The pseudo-amorphous polymers used in embodiments disclosed herein may also include additional component(s), such as filler(s) or additive(s), to achieve specific properties desirable in particular applications, such as core-shell impact modifiers; fillers or reinforcing agents, such as glass fibers, carbon fibers and the like; plasticizers; pigments or dyes; thermal stabilizers; ultraviolet light stabilizers or absorbers; antioxidants; processing aids or lubricants; flame retardant synergists, such as Sb2O3, zinc borate, and the like; or mixtures thereof. These components may optionally be present, for example, in an amount of about 0.05 weight percent to about 70 weight percent based on the total weight of the composition from which a polymer sheet or article (used to form a semi-crystalline article of disclosed embodiments, wherein the article is comprised of a polymer, in particular a PAEK, in a semi-crystalline state) is formed. Preferably, any such filler or additive is non-nucleating.

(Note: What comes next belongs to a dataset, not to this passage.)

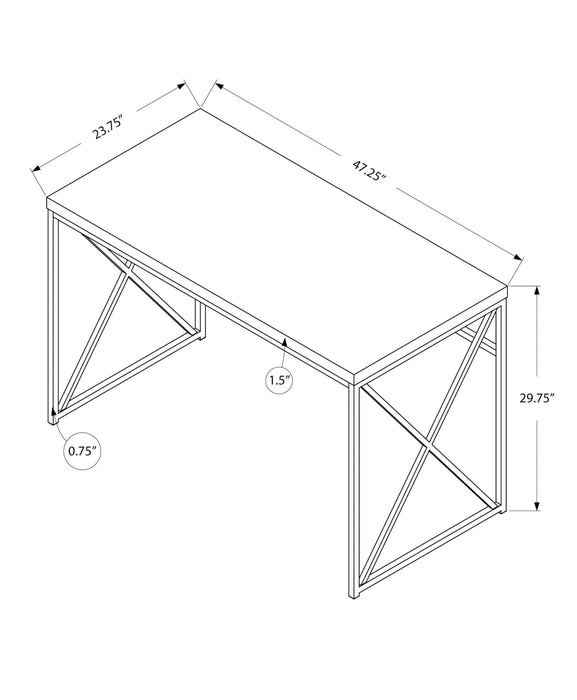 Computer Desk For Home Office, Laptop, Glossy Contemporary & Modern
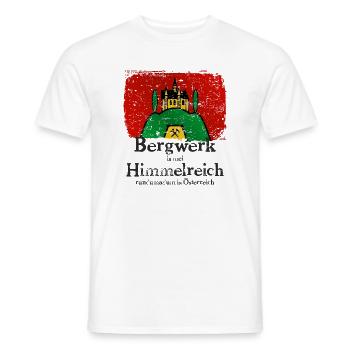 Bergwerk ist mein Himmelreich im Burgenland - Männer T-Shirt - Weiß - Vorne - AI Model Male 178 dark (178cm)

Suitable fillers may include fibers, powders, flakes, etc. Reinforcing fillers may be employed. For example, suitable fillers may include at least one of carbon nanotubes, carbon fibers, glass fibers, polyamide fibers, hydroxyapatite, aluminum oxides, titanium oxides, aluminum nitride, silica, alumina, barium sulfates, graphene, graphite, etc. The size and shape of the fillers are also not particularly limited. Such fillers may be optionally present in an amount from about 0.1 weight percent to about 70 weight percent, or from about 10 weight percent to about 70 weight percent (based on a total weight of the composition from which a polymer sheet or article used in disclosed embodiments is formed).
A resin composition comprised of one or more polyaryletherketones, possibly in combination with one or more other polymers, fillers and/or other additives are described above, may be formed into sheets using the following general procedures, which may be adapted or modified to best suit the particular resin composition being processed and the characteristics desired in the thermoformable sheet thereby obtained (e.g., thickness, degree of crystallinity).
The sheets of the present invention are relatively thick (i.e., the sheets have a thickness of at least about 500 microns, e.g., from about 1000 microns to about 10,000 microns, preferably from about 1000 to about 3500 microns) and contain at least one polyaryletherketone, such as a polyetherketoneketone, which is in a pseudo-amorphous state. Generally speaking, the thickness of such sheets is substantially uniform. The length and width of the sheets may be varied as may be desired for particular end-use applications, depending upon the dimensions of the molded articles, including semi-crystalline molded articles, that are to be prepared by thermoforming the pseudo-amorphous sheets.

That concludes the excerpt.